After hearing the host’s eight-minute diatribe, Thacker was perplexed; he didn’t even know who Beck was.

“Apparently, if you want somebody to be threatened by you, he’s the person,” Thacker joked during an interview in his office at The New School for Public Engagement’s School of Media Studies. “I was told it was sort of a backhanded compliment.”

Although Thacker dismisses Beck’s comments “as just another part of the media circus,” they do bring up important questions about how nihilism and pessimism are perceived by the general public.

“Why are these positions so threatening to some people?,” asks Thacker.

And why, as Beck wondered, are they becoming so popular with others?

“Nihilism poses difficult philosophical questions—questions that may have no answers,” he says. “It has nothing to do with good and evil.”

To answer these questions, look to Thacker’s In the Dust of This Planet: Horror of Philosophy Vol. 1, the “obscure book” to which Beck was referring. In it, Thacker — an author, philosopher, and associate professor of media studies and film and of liberal studies at The New School for Social Research — describes a world of natural disasters, emerging pandemics, and the looming threat of extinction. Existence, he writes, is becoming increasingly “unthinkable.”

Thacker, who teaches courses such as Media and Philosophy and Pessimism, looks at these phenomena through the lens of the horror genre. According to him, whether it’s a slasher flick, a black-metal dirge, or a story by Edgar Allen Poe, “you typically have characters who begin in a place where they think they know about the meaning of existence, and who by the end have no idea.” To confront the unthinkable—a central motif of the horror genre—is to confront the limits of our ability to understand the world in which we live.

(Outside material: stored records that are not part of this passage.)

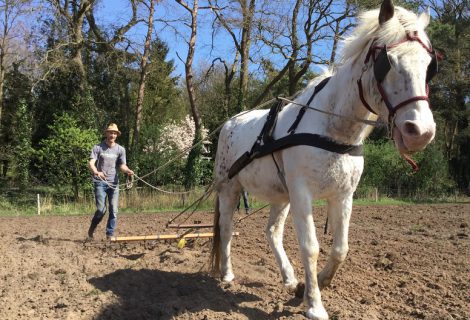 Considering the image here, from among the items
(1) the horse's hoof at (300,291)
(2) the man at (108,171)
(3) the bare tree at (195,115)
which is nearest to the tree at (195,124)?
(3) the bare tree at (195,115)

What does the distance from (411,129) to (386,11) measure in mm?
974

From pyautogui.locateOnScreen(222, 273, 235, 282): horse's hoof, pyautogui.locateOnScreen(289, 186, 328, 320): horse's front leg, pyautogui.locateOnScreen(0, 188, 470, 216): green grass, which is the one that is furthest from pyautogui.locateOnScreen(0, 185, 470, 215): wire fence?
pyautogui.locateOnScreen(289, 186, 328, 320): horse's front leg

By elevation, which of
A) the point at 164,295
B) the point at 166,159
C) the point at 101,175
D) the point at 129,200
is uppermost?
the point at 166,159

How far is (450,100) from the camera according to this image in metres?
30.5

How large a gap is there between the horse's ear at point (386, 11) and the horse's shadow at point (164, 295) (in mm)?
2662

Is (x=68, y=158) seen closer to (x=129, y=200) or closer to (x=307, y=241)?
(x=129, y=200)

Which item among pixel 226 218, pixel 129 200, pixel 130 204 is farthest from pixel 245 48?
pixel 226 218

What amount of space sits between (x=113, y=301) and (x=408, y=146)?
10.1ft

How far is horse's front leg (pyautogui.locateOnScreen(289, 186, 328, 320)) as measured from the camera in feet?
12.7

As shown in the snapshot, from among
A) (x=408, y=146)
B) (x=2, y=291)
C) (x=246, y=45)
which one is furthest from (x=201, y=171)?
(x=408, y=146)

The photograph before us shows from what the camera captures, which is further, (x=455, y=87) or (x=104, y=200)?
(x=455, y=87)

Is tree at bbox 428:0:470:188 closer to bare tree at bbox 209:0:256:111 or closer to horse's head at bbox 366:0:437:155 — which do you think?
bare tree at bbox 209:0:256:111

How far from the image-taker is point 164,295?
185 inches

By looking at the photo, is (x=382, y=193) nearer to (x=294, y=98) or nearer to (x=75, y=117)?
(x=75, y=117) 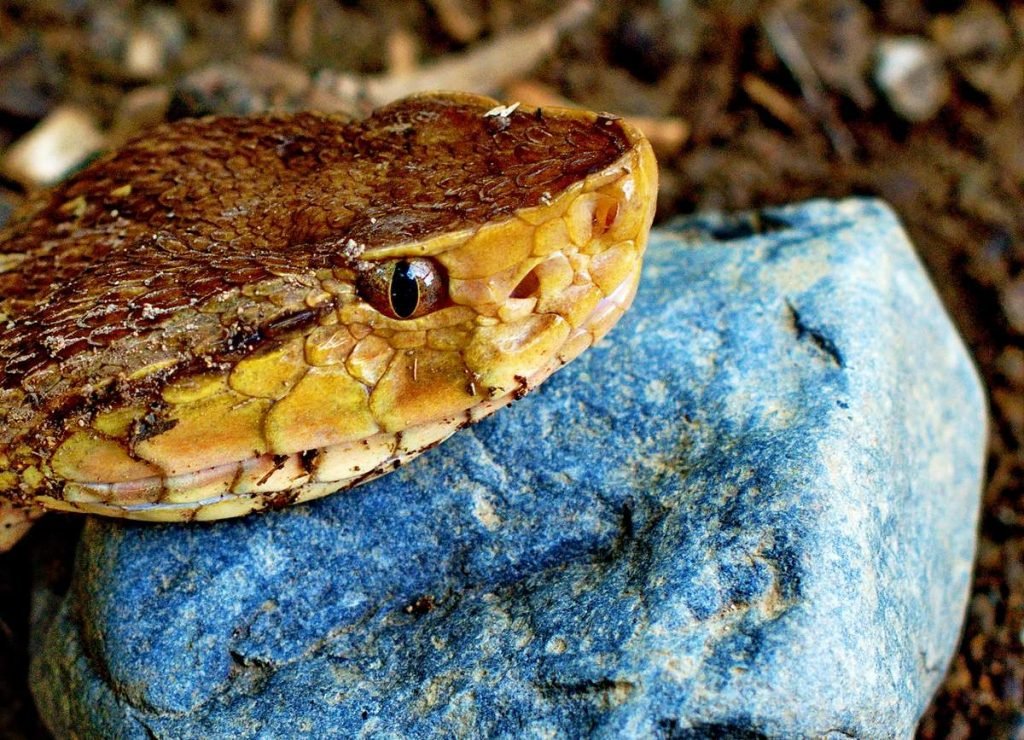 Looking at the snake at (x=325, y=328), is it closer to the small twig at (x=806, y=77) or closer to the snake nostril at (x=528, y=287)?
the snake nostril at (x=528, y=287)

When we do that, Thacker says, we come to a sobering realization: “that there might not be a purpose to things, or to your life, or to your existence, or to the cosmos; that there might not be an order; that we’re not here for a reason; that it’s arbitrary and an accident.”

And therein lies the aversion to nihilism and pessimism: Knowing that your life has no meaning can be scary. Beck channeled the popular antipathy toward these philosophical doctrines during his radio show by dramatically proclaiming that “there is evil. There is real evil. And then there’s nihilism.”

But Thacker doesn’t see it that way.

“Nihilism poses difficult philosophical questions—questions that may have no answers,” he says. “It has nothing to do with good and evil.”

This year, Thacker looked on with surprised interest as young writers took his ideas and ran with them. Nic Pizzolatto, creator of the crime drama True Detective, has taken cues from Thackers work, while the words “In The Dust of this Planet” were emblazoned on fashions worn by hip hop artist Jay Z and actress Lily Collins. During the Radiolab episode in which Thacker was interviewed, the show’s host, Jad Abumrad, floated a theory to explain the phenomenon: Nihilism is, as Beck warned, cool.

“You see young people glom on to this idea again and again to say no to the older generation,” Abumrad said, mentioning Dada and punk rock as examples of how younger generations have repudiated rules, values, and traditions. All it takes is a brief tour through history—from World War II and the War on Terror to climate change and Ebola—to understand the need to question, to rebel.

Thacker still isn’t sure what to make of all the attention his book is getting; his previous texts—Excommunication, Biomedia, and After Life—have been popular in philosophy circles but haven’t made nearly as big of a splash. Whether the next two volumes of the Horror of Philosophy will be as popular as the first remains to be seen.

Thacker is sure of one thing, though: He doesn’t have much control over of what the public does with his writings.

“Even if you are a control freak, one thing you learn when you write a book and send it out is that it has a life of its own,” Thacker says. “It’s open to interpretation.”